TASK REQUIREMENTS ▸
Please reproduce the lines from the one containing "You can also" through the end of the data below exactly as they stand, and omit all pictures.
═══ INFORMATION GIVEN ═══
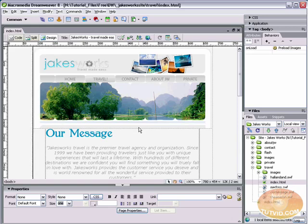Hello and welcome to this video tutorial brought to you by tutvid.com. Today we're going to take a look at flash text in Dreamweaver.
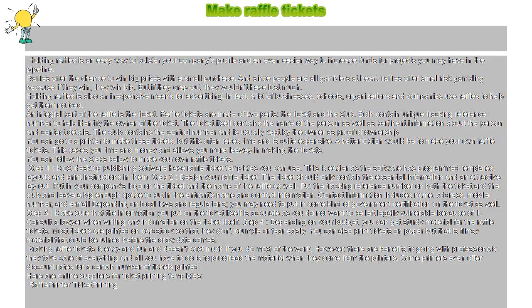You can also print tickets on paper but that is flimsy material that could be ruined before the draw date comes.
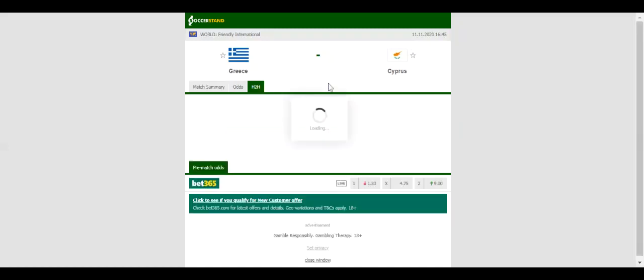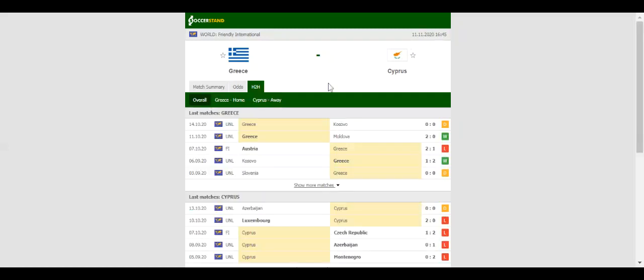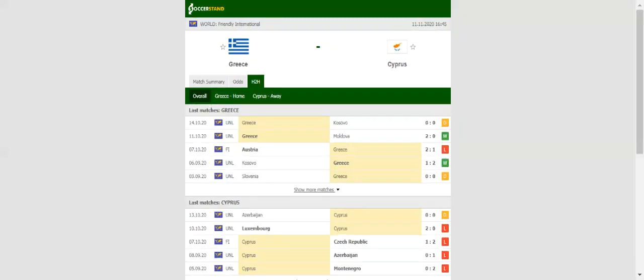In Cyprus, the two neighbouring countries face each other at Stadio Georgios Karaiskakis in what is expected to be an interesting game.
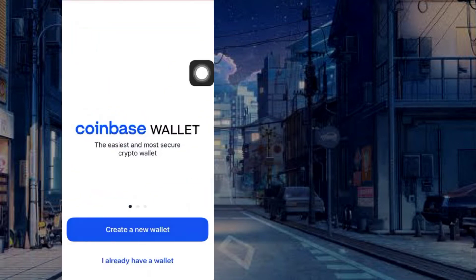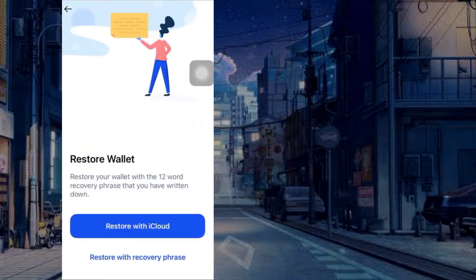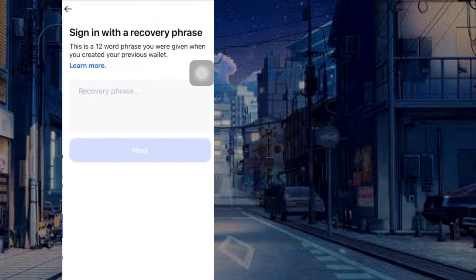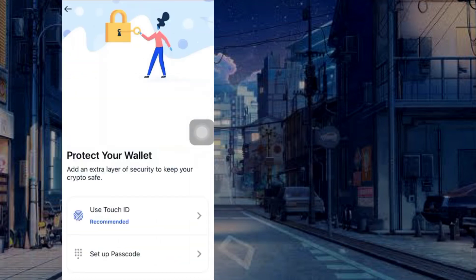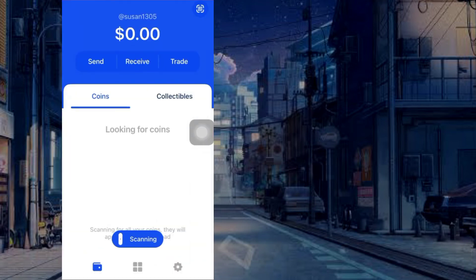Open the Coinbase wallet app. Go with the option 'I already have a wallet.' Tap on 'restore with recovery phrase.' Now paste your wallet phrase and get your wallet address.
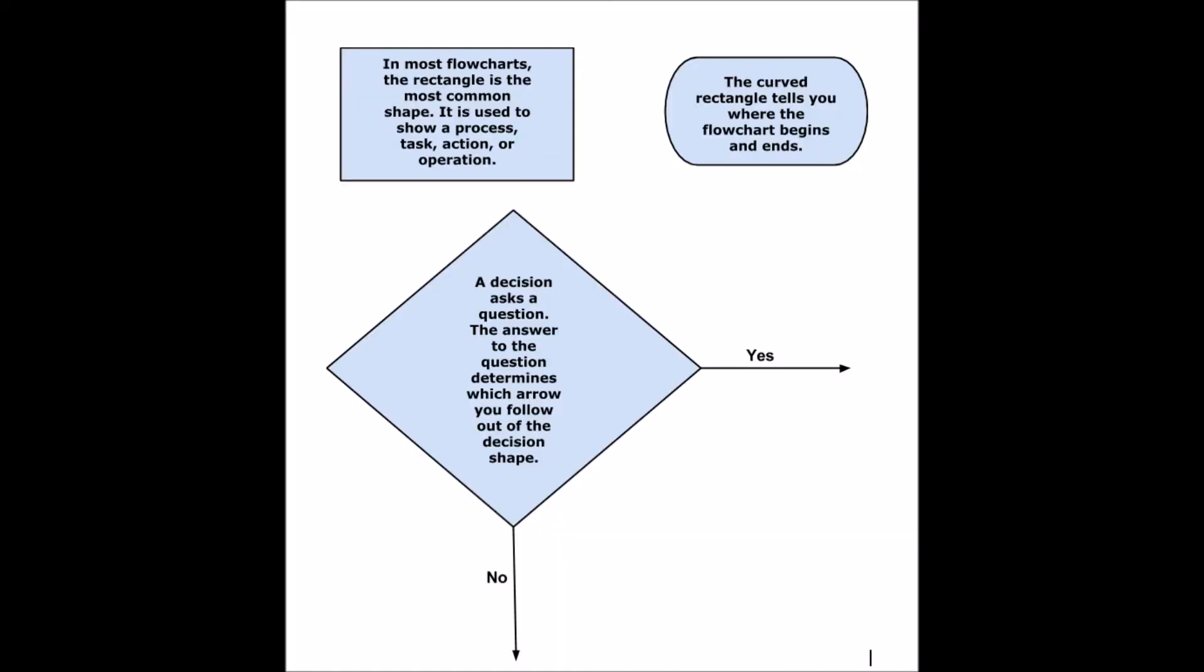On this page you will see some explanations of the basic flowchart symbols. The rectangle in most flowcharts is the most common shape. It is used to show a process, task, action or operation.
═══
TASK RESULT ▸
You can also print tickets on paper but that is flimsy material that could be ruined before the draw date comes.
In Cyprus, the two neighbouring countries face each other at Stadio Georgios Karaiskakis in what is expected to be an interesting game.
Open the Coinbase wallet app. Go with the option 'I already have a wallet.' Tap on 'restore with recovery phrase.' Now paste your wallet phrase and get your wallet address.
On this page you will see some explanations of the basic flowchart symbols. The rectangle in most flowcharts is the most common shape. It is used to show a process, task, action or operation.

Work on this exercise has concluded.